Start of Block
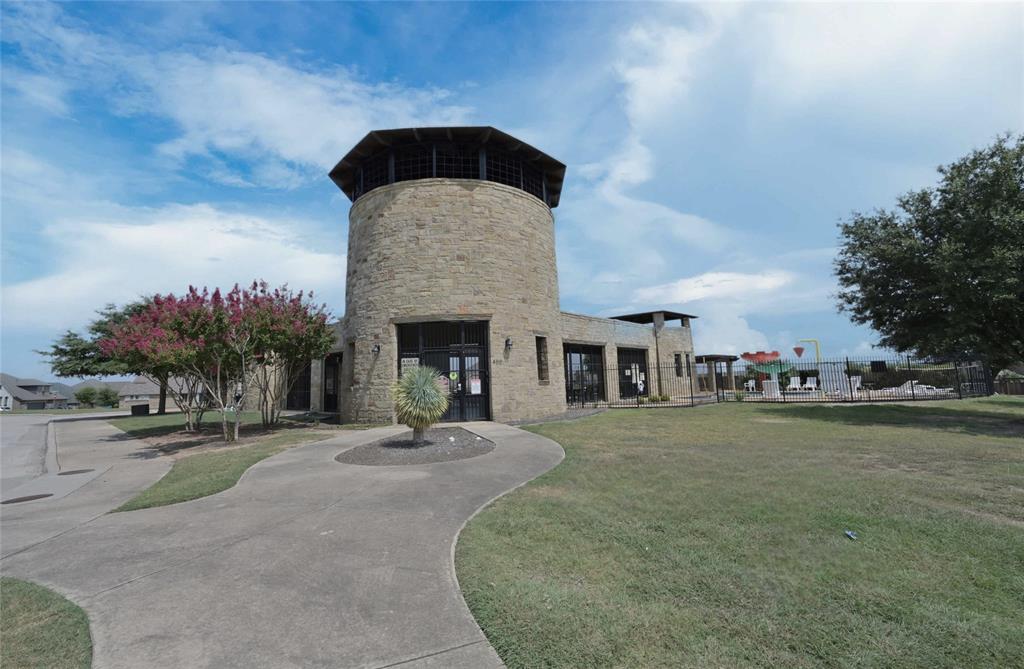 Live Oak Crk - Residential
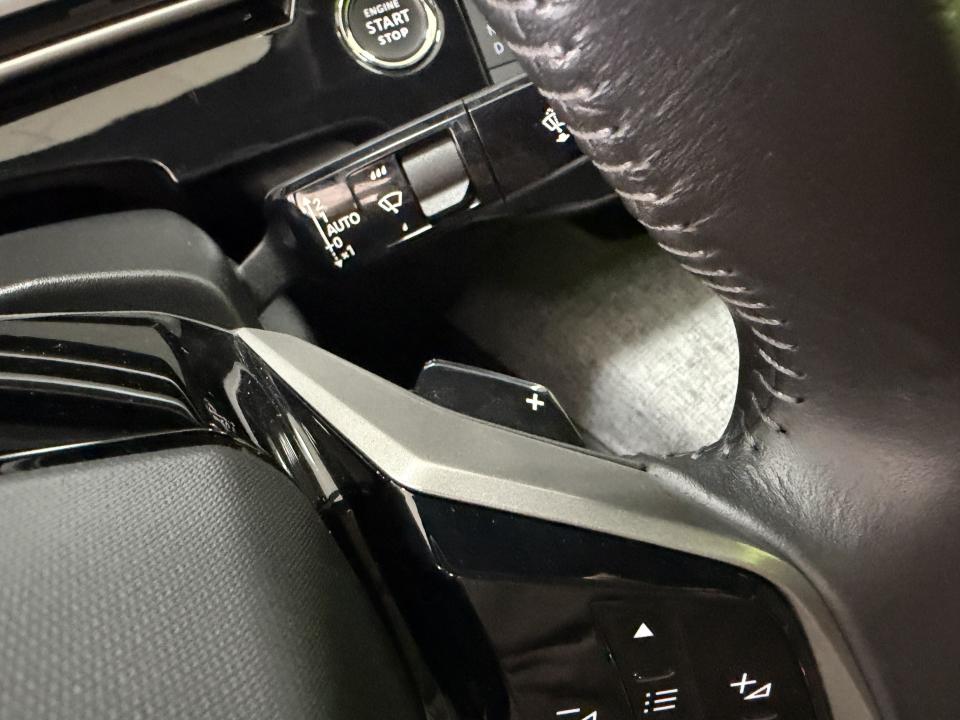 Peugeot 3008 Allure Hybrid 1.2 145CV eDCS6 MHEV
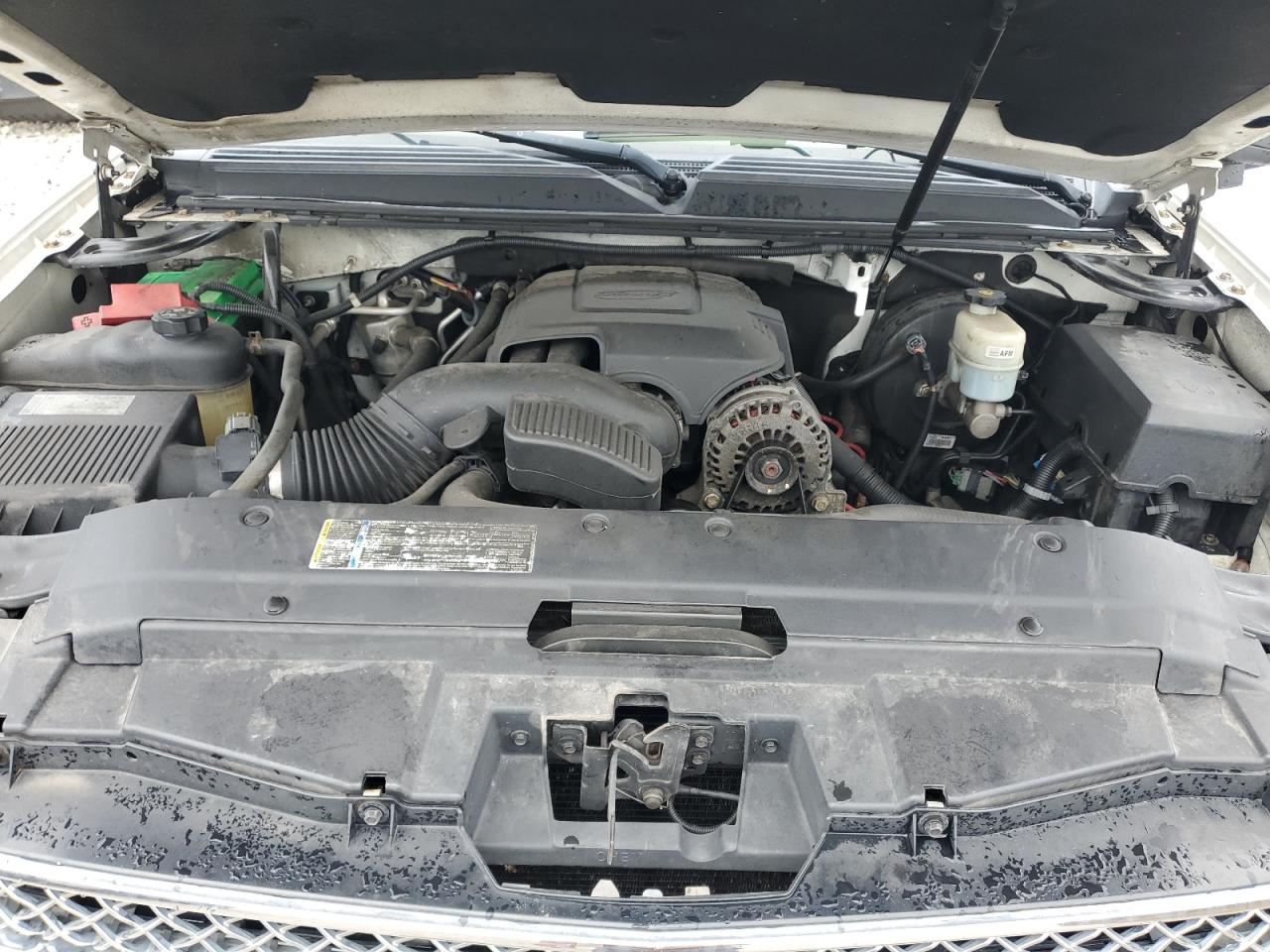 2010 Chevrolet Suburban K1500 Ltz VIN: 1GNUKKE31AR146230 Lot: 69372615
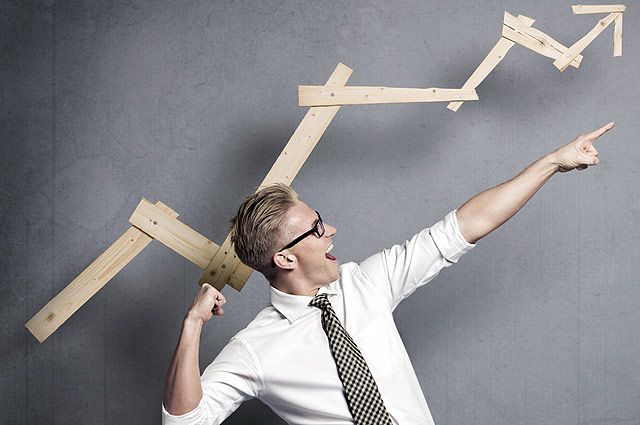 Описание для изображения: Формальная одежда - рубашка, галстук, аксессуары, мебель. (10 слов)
End of Block
▶ _What you need to do_: Word-for-word repeat, images excluded: return all the data.

▶ _Response area_:
 Live Oak Crk - Residential
 Peugeot 3008 Allure Hybrid 1.2 145CV eDCS6 MHEV
 2010 Chevrolet Suburban K1500 Ltz VIN: 1GNUKKE31AR146230 Lot: 69372615
 Описание для изображения: Формальная одежда - рубашка, галстук, аксессуары, мебель. (10 слов)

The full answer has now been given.